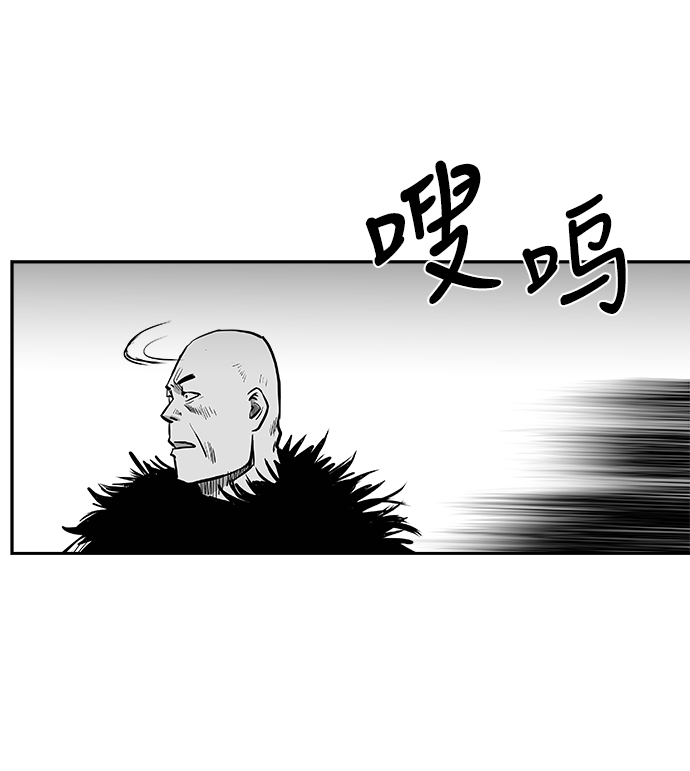 第41话65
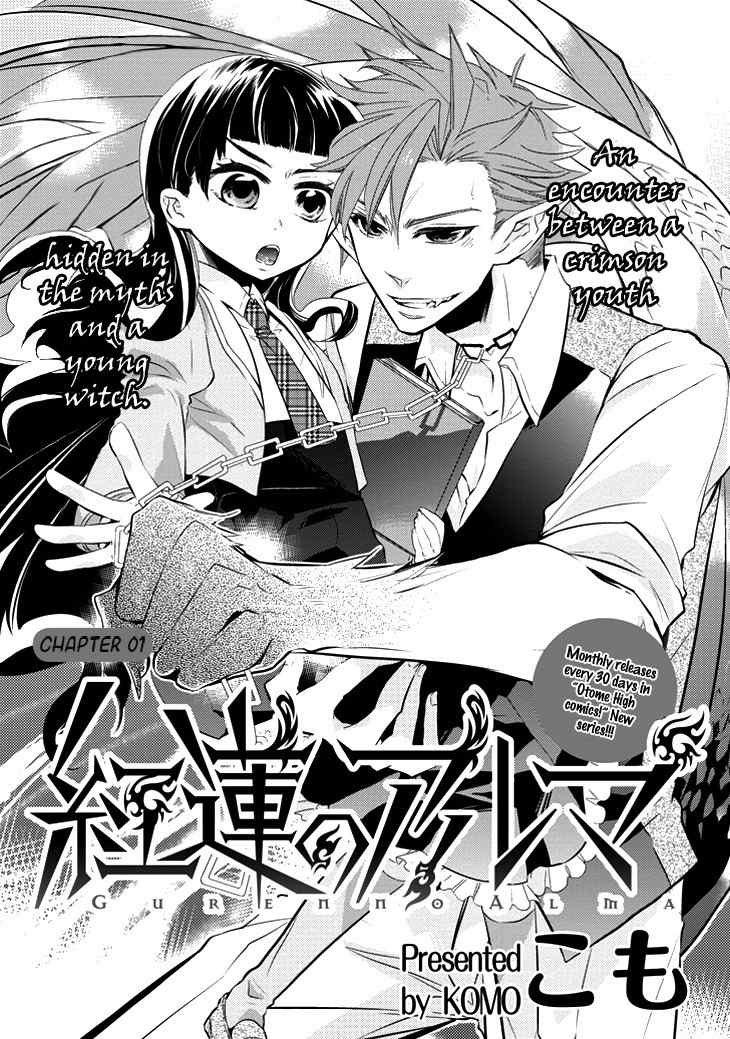 Guren no Arma Chapter 1 page 6 - Chapter 1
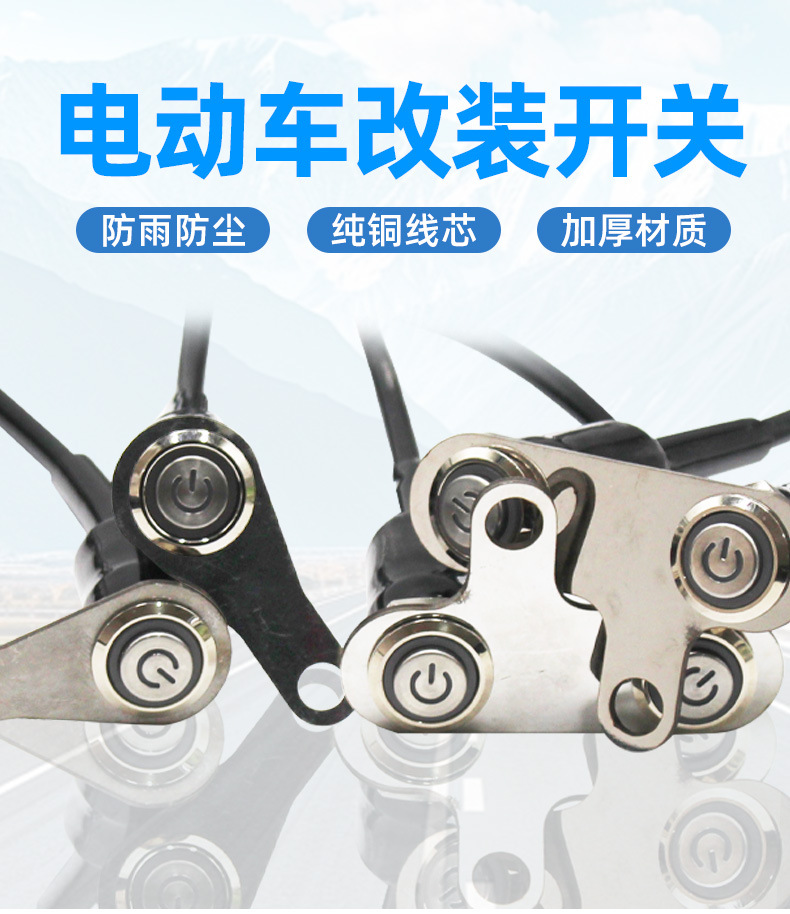 Electric Vehicle Motorcycle with Light Metal Modified Switch Horn Double Flash Self-Locking Button Switch Bracket Switch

WHAT YOU WILL DO: Set down again, exactly, the lines from the one with "Guren no Arma Chapter 1 page 6 - Chapter 1" to the last line of the data, both included and pictures excluded.

REPLY:
 Guren no Arma Chapter 1 page 6 - Chapter 1
 Electric Vehicle Motorcycle with Light Metal Modified Switch Horn Double Flash Self-Locking Button Switch Bracket Switch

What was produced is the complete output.